1950 film by Lewis R. Foster

The Eagle and the Hawk is a 1950 American Western film directed by Lewis R. Foster and written by Lewis R. Foster and Daniel Mainwaring. The film stars John Payne, Rhonda Fleming, Dennis O'Keefe, Thomas Gomez, Fred Clark and Frank Faylen. It was released on May 30, 1950, by Paramount Pictures.

==Plot==
In 1863, governor of Texas Francis Lubbock asks Todd Croyden of the Texas Rangers to free a Union Army spy from a Confederate camp. Lubbock is helping France, which is trying to seize Mexico. Guns and ammunition are being stolen in Corales, so the governor wants Croyden and the spy, Whitney Randolph, to investigate. Croyden does not like Randolph, who wins his horse and harmonica by gambling while on the trail.

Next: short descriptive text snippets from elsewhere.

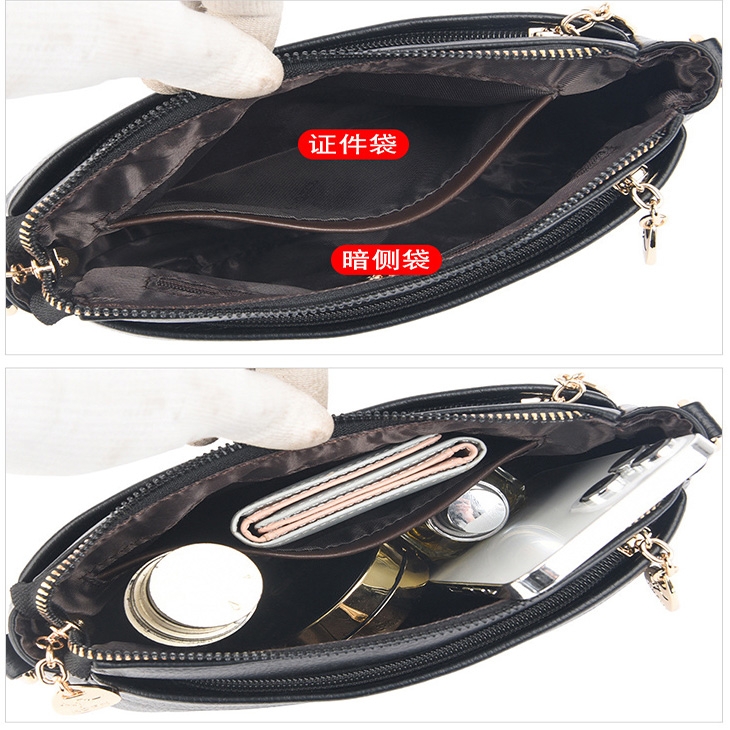 Túi Xách Nữ Đeo Vai Cao Cấp Phong Cách Hiện Đại Âu Mỹ TVNN413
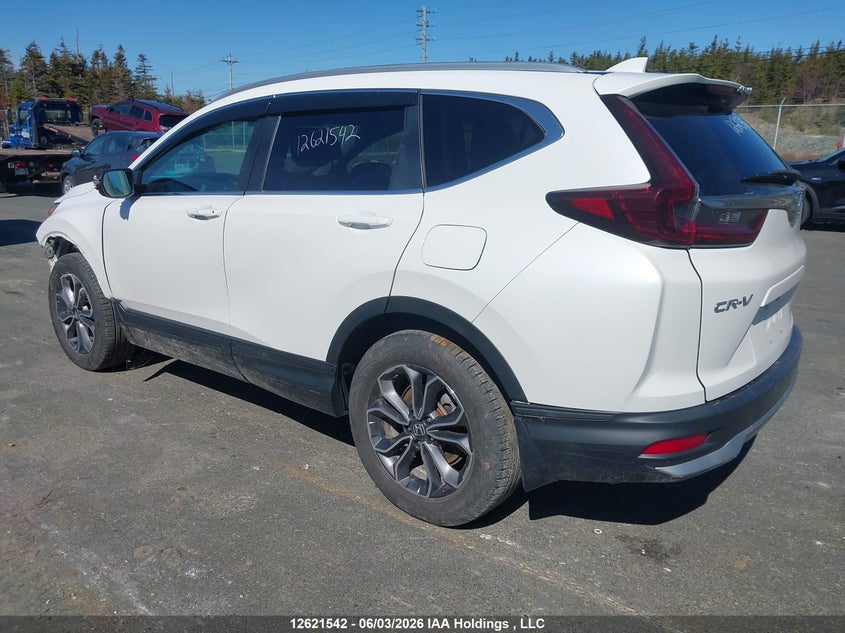 Vin: 2hkrw2h83lh218680, lot: 3020874, honda cr-v ex-l 20203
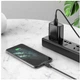 Кабель HOCO Lightning магнітний Sereno magnetic charging cable X52 1m 2,4A Black - зображення 8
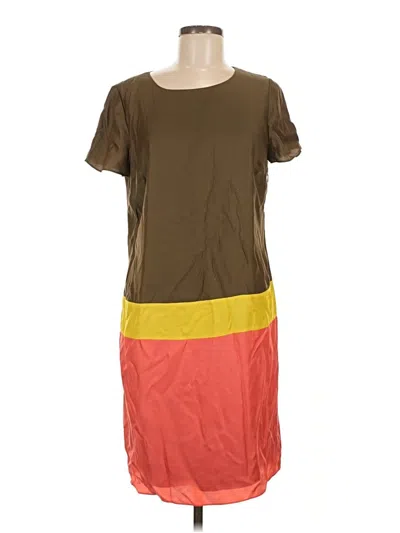 Pre-owned Boden Casual Dress In Brown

While crossing the Rio Grande, they are held at gunpoint by Madeline Danzeeger, whose wagon is stuck. After helping her, they learn that a former German army officer also named Danzeeger, likely her father, is working with Mexican general Liguras for a great deal of money. Croyden locates the missing munitions at Basil Danzeeger's ranch, but foreman Red Hyatt is suspicious of him. Croyden and Randolph set a fire to destroy the gunpowder, but Madeline, who is Basil's wife, takes them prisoner. Hyatt tries to kill Croyden by tying him to two wild horses, and Randolph dies while saving him.

Madeline has a change of heart, having fallen in love with Croyden, and is shot by her husband. Basil and Liguras fight to the death but Madeline will recover from her wound.

==Cast==
- John Payne as Captain Todd Croyden
- Rhonda Fleming as Mrs. Madeline Danzeeger
- Dennis O'Keefe as Whitney Randolph
- Thomas Gomez as General Liguras (The Hawk)
- Fred Clark as Basil Danzeeger
- Frank Faylen as Red' Hyatt, Danzeeger's Foreman
- Eduardo Noriega as Roberto the Cobbler
- Grandon Rhodes as Texas Governor Francis Lubbock
- Walter Reed as Jones

==Production==
Pine-Thomas Productions was so pleased with the film that it sought to reteam Payne, Fleming and O'Keefe in more films as a series.